Evangelical Association Hopes to Help Pastors With Finances
The National Association of Evangelicals, thanks to a grant from the Lilly Endowment, plans to analyze the challenges that pastors face when trying to manage what are often meager salaries.
Evangelical pastors typically put their mission above financial gain. That’s not to say, however, that the difficulty of living within modest means isn’t being addressed.
As 2016 kicked off, the National Association of Evangelicals (NAE) announced that it is launching a multiyear initiative to assist pastors with the economic challenges that can come with their role.
The association is working closely with the Lilly Endowment, which last month made financial grants [PDF] to 28 religious organizations, including churches, dioceses, and nonprofit foundations. NAE itself received $1 million through the endowment’s National Initiative to Address Economic Challenges Facing Pastoral Leaders. (According to the endowment, the programs it is funding are tailored to the needs of leaders of each religious group.)

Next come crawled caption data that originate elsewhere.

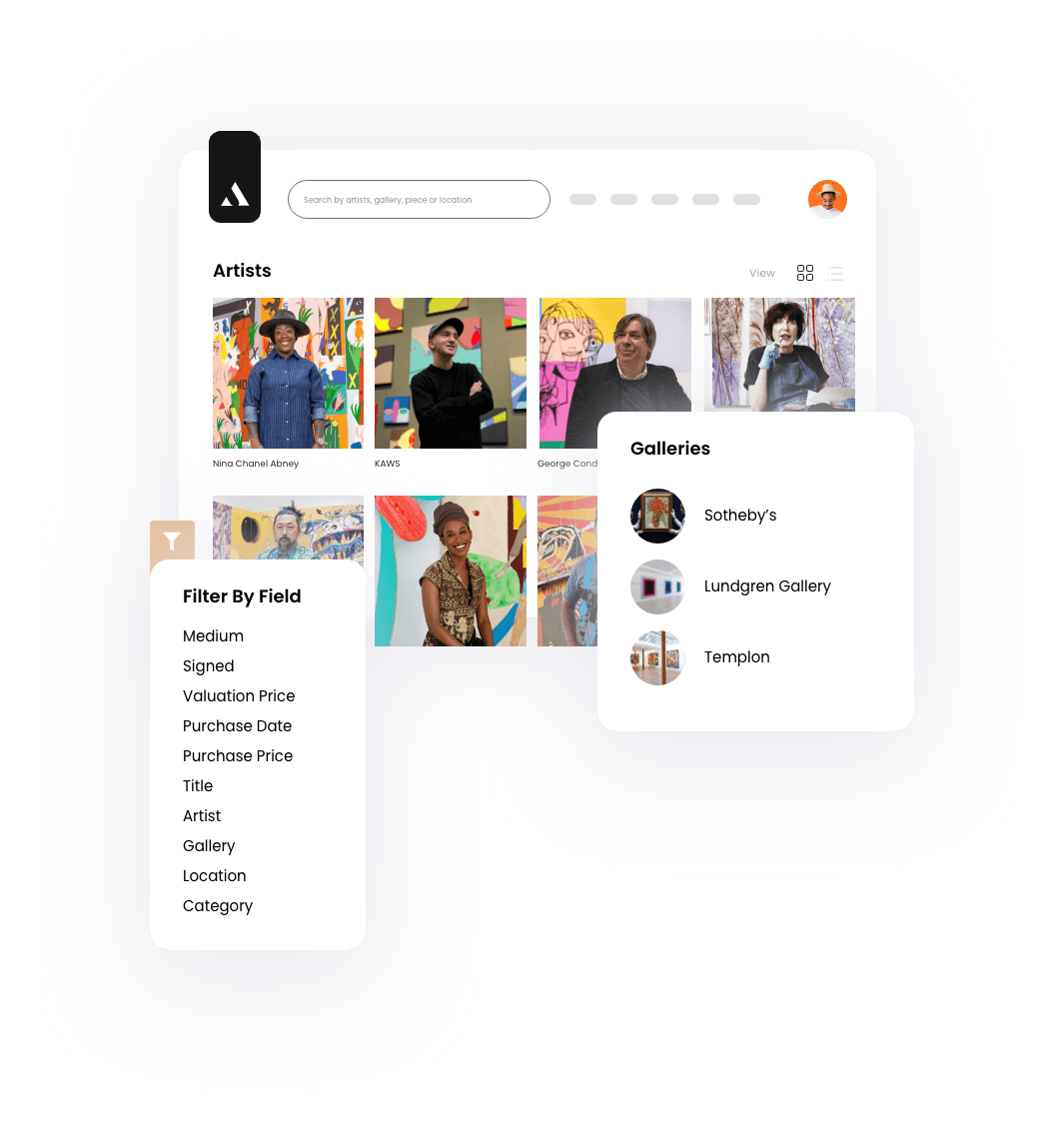 A screenshot of our inventory management system.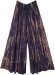 Hipster Navy Blue TieDye Split Skirt Pants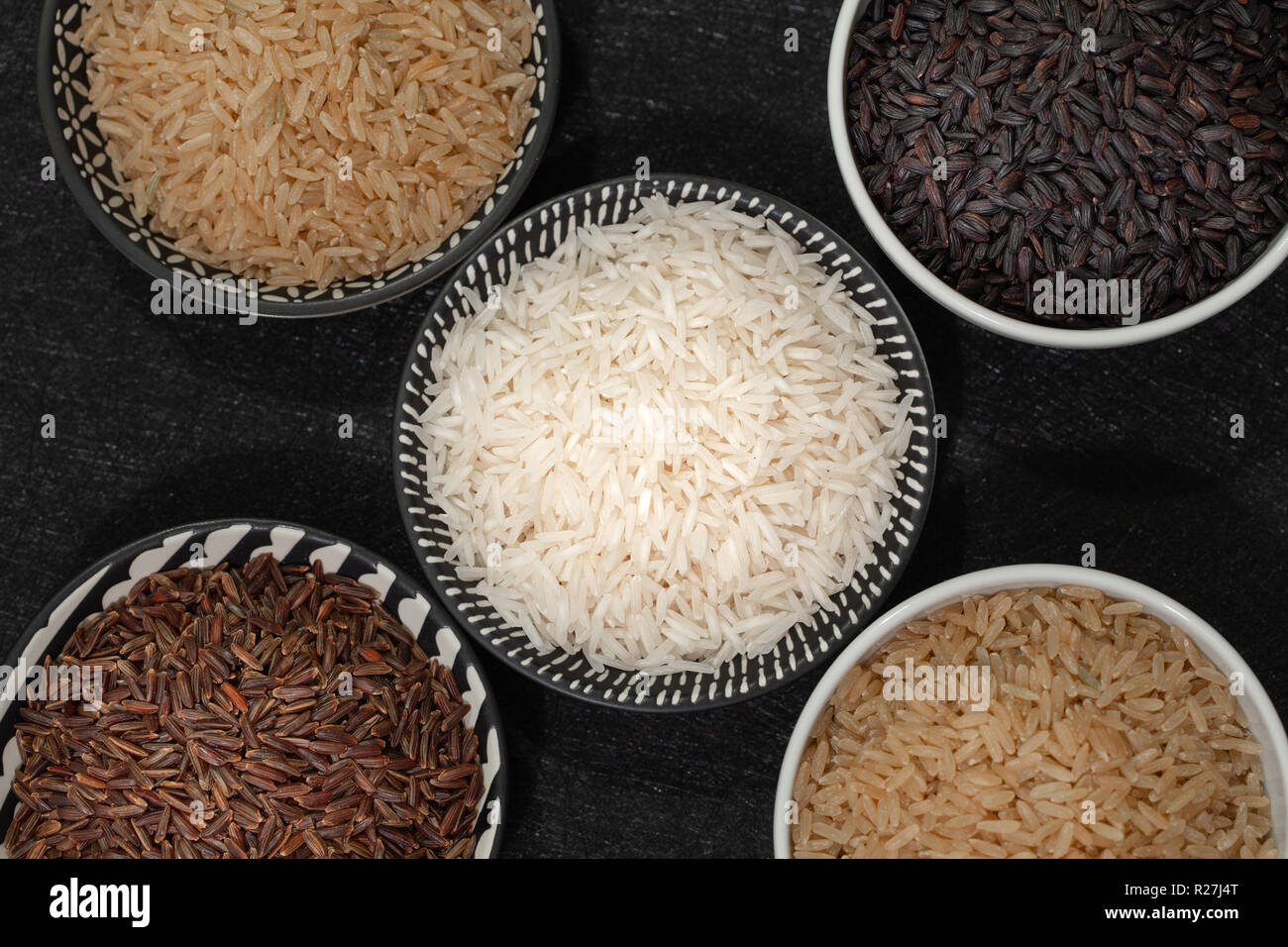 rice, different varieties of raw rice Stock Photo - Alamy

“Financial challenges often add stress to the already difficult and demanding role of pastors today,” NAE President Leith Anderson said in a news release. “We have had the desire to address this issue for a long time and are pleased to partner with Lilly Endowment on a topic that will directly impact the ministry of thousands of pastors across the United States.”
The funds granted to NAE aren’t going directly to pastors but rather will be used to design and implement sustainable programs that help NAE better understand the financial challenges of pastors, improve the organization’s financial programs, highlight educational programs and other resources available to pastors and their spouses, and provide financial resources for religious denominations.
“These organizations understand that these kinds of financial challenges can impair the ability of pastors to lead their congregations effectively. They recognize the importance of the financial well-being of pastors and the implications for the congregations they serve,” Christopher Coble, the Lilly Endowment’s vice president for religion, said in the media announcement [PDF].
With this new grant, NAE, which represents more than 45,000 local churches, hopes to change the conversation around, and perhaps remove, the financial frustration that can sometimes scare off those interested in becoming pastors.